O texto originalmente foi publicado naquele mesmo ano no Blog do professor Márcio José Rodrigues estampando a imagem de Verônica de El Greco, de 1559.
Tomo a liberdade de reproduzir o escrito aqui na minha página, mas usando lá em cima, na abertura, uma rara foto há muito tempo procurada em meus arquivos e só agora encontrada, que mostra a Verônica Maria de Lourdes Barros desempenhando sua função, defronte à igreja Matriz.
Lúcia Maria um ano e alguns meses depois da publicação de sua crônica, faleceu repentinamente em 28 de setembro de 2012 em Florianópolis, vitimada por um infarto.
Ela intitulou sua crônica:

 Minha Verônica

Por Lúcia Maria Barros da Silveira

“Não adianta!
Por mais tempo que passe, há lembranças das quais nunca nos desfazemos.
Na minha Laguna querida na casa onde cresci morava a Verônica. Quanto encantamento era isso. Minha tia Lourdes desde sempre em minha vida, durante essa época de quaresma tomava a si esse personagem tão essencial para nós cristãos católicos.
Já sabíamos que a procissão de Passos estava por chegar quando começávamos a ouvir, do segundo andar de minha casa, os ensaios solitários de nossa amada Verônica.
Soprano exímia e nata tinha em seu cantar o poder mágico de encantar.
Mas, como Verônica seu canto se transformava no lamento tão conhecido por gerações de lagunenses.
Desde pequena tenho fascinação por essa época do ano.
Via a capa da Verônica chegar em casa para ser limpa. Passava as mãos lentamente no veludo azul escuro com aplicação em dourado nas bordas. Sentia uma emoção tão grande de ter tão perto esse objeto que dava identidade à figura central do grande teatro cristão realizado a céu aberto relembrando e reverenciando as dores de nosso Senhor.
Ainda criança, ia para a sala atrás da sacristia onde as figuras se vestiam. Vi muitas moças se transformarem em Madalena e São João, outras em beús.
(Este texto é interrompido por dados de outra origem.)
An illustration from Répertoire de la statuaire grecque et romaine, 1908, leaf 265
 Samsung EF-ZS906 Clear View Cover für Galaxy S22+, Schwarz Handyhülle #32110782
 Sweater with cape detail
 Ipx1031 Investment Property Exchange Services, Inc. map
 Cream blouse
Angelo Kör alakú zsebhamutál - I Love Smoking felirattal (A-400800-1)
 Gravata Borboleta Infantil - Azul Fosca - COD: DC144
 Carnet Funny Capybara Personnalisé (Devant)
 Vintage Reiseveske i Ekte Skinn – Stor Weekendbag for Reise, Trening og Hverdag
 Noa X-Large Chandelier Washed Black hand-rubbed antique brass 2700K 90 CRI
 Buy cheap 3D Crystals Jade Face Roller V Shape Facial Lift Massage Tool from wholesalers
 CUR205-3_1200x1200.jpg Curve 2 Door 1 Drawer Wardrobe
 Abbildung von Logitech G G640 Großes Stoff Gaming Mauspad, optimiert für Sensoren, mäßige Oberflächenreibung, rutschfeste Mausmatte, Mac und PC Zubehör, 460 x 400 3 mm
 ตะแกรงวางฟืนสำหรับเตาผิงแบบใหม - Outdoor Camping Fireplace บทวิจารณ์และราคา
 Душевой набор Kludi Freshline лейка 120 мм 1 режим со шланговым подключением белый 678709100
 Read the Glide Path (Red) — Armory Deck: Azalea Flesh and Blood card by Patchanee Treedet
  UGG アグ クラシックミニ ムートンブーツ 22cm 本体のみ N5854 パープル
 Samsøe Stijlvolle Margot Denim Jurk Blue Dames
O canto das beús até hoje vem claro a minha mente.
Quem nunca se arrepiou ao ouvir as batidas no chão das lanças dos centuriões?
Minha Verônica começava sua preparação cedo. Ia ao salão, pois seu penteado era especial. Colocava um pequeno aplique que guardava com muito cuidado.
Praticamente sem maquiagem, no começo da noite ia para igreja.
Lá começava sua transformação. O camisolão de branco impecável era vestido. Já com a linda tiara de pedrarias na cabeça esperava a hora de começar.
Dado o sinal, apanhava o mítico manto e o vestia.
Pronto!
Com o sudário enrolado em suas mãos, já não era mais minha tia, era sim, a dolorosa figura daquela que enxugou o santo Rosto em seu calvário.
Vivi os bastidores dessa tradição centenária por mais de uma década. Mas o melhor ainda viria.
 No ano de 1982, com 18 anos, recebi o honroso convite para ser Madalena. E vivi momentos inesquecíveis. Com o vestido cuidadosamente elaborado por dona Natália, costureira exímia, passei de observadora a protagonista da centenária tradição. Ao lado de minha Verônica acompanhei as procissões de Passos e do Senhor Morto.
Posso afirmar que é algo glorioso. Sou grata a Deus por ter me dado essa chance.
Ver minha Verônica cantar ao meu lado aquele som sentido, aquela voz abençoada, aquela cidade em suspense.
Memorável.
Vivi poucos momentos que se comparem àqueles.
Foi o último ano que minha tia cantou como Verônica.
Despidas de nossas personagens naquela quaresma já tão distante voltamos solenes para casa.
A experiência tinha me tocado profundamente.
Saímos pelas ruas de nossa cidade, lado a lado, como Verônica e Madalena e sacramentadas, voltamos para nossa casa como Maria de Lourdes e Lúcia.
Mas aquela quaresma tem estado em mim em todas as quaresmas que se seguiram.
A Madalena que fui, vivi aqui dentro e minha Verônica vive, em nós todos nós para sempre”.

19 comentários:

  1. Show! Quantas histórias Valmir. É a memória do nosso povo e cidade.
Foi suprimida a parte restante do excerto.